After finding the line that holds "百秒黄花鱼-莆田餐厅PUTIEN(万象天地店)" below, set down that line and the rest through the final one exactly, leaving the pictures out.

• Collected material:
:::

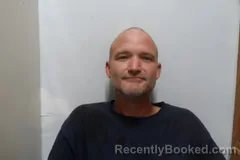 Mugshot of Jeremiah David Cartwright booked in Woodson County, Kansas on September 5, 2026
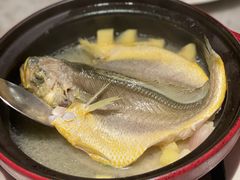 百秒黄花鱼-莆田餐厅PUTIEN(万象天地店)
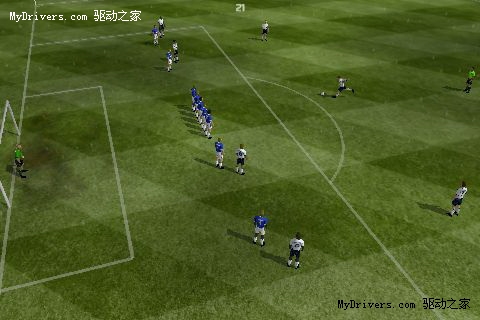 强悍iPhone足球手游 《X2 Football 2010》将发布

:::

• Expected output:
 百秒黄花鱼-莆田餐厅PUTIEN(万象天地店)
 强悍iPhone足球手游 《X2 Football 2010》将发布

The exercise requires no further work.